For Some Disease and Health-Related Claims, Two Trials Is Too Much, Says FTC Commissioner

January 14, 2014

Behnam Dayanim and Devon Winkles

Perhaps one of the most controversial changes in approach at the Federal Trade Commission in recent years has been the agency’s requirements for disease and health-related claims. Now there appears to be some dissent within the agency itself.

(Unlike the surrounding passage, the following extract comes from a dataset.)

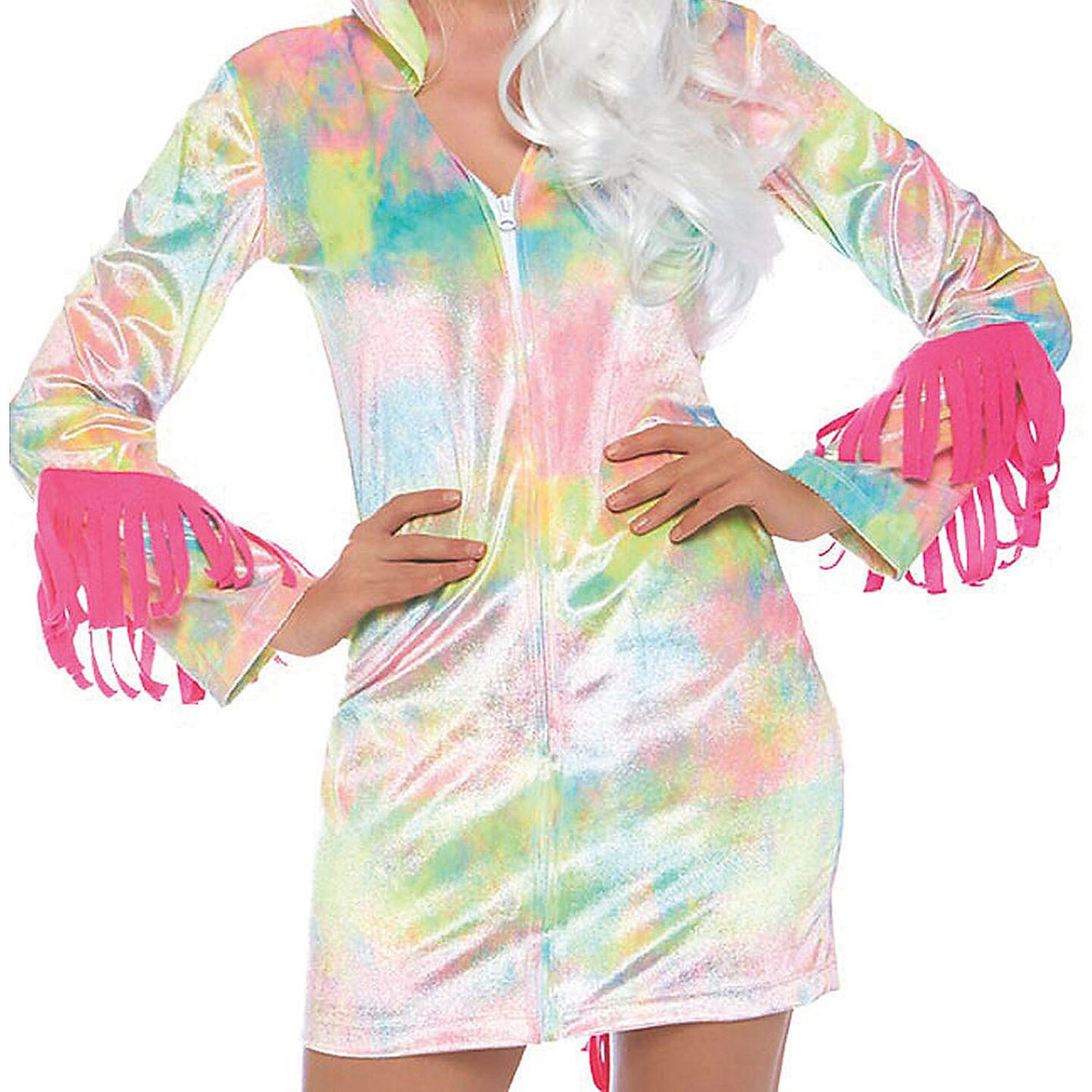 Enchanted Unicorn Adult Halloween Costume Velvet Zipper Front Dress with Tail and Hood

For quite some time, FTC consent orders have commonly required marketers to substantiate health-related claims with two randomized controlled trials.   In recent years, the FTC has signaled that it may expect that level of substantiation for all health-related claims, even outside the context of a specific consent order (where a violation has been alleged and the parties have negotiated a disposition).  That position has triggered much controversy, including the contention by many observers that such a blanket standard is inconsistent with the application of the factors set out by the Commission four decades ago, in In the Matter of Pfizer Inc., 81 F.T.C. 23.

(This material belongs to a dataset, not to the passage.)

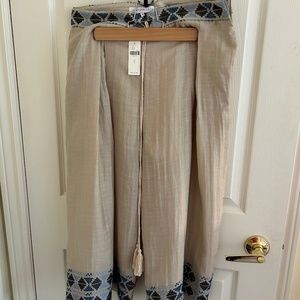 Tag on Anthropologie Embroidered cropped pants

Well, last week, FTC Commissioner Maureen Ohlhausen joined the critics, signaling her view that the “two trials” rule imposes “an unduly high standard” for products that are already deemed safe, such as foods and vitamins.  Her remarks came in a statement dissenting in part from the consent agreements in a matter involving several marketers of genetically-customized nutritional supplements.  In the statement accompanying her decision, she stated that uniformly requiring two randomized controlled trials is inconsistent with the factors set out in Pfizer, which are meant to balance competing concerns, including the risk of a product and the risk of suppressing potentially useful information about that product.

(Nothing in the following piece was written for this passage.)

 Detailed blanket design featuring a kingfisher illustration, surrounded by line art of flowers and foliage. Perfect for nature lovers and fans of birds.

Commissioner Ohlhausen was careful to note that she was not advocating that the agency permit unsubstantiated disease or health claims, even in products that are deemed safe, and she supports a higher burden of substantiation for drugs and biologics than for foods and vitamins, consistent with the Pfizer analysis.  Indeed, notwithstanding her dissent, she voted to approve consent agreements containing the two-study requirement for weight-loss products because those short-term weight loss claims could be assessed in less time and at a lower cost than other health- and disease-related claims.
Interestingly, Ohlhausen’s statement prompted FTC Chair Edith Ramirez and Commissioner Julie Brill to disavow any “de facto” two-trial standard in their statement  approving the consent agreement.  Chairwoman Ramirez and Commissioner Brill instead characterized the agency’s position as requiring a “case-specific factual determination as to what constitutes competent and reliable scientific evidence for the advertising at issue.”
The agency’s recent track record would seem to point to a two-trial requirement, but advertisers and their counsel should watch carefully to see how the agency grapples with this issue moving forward.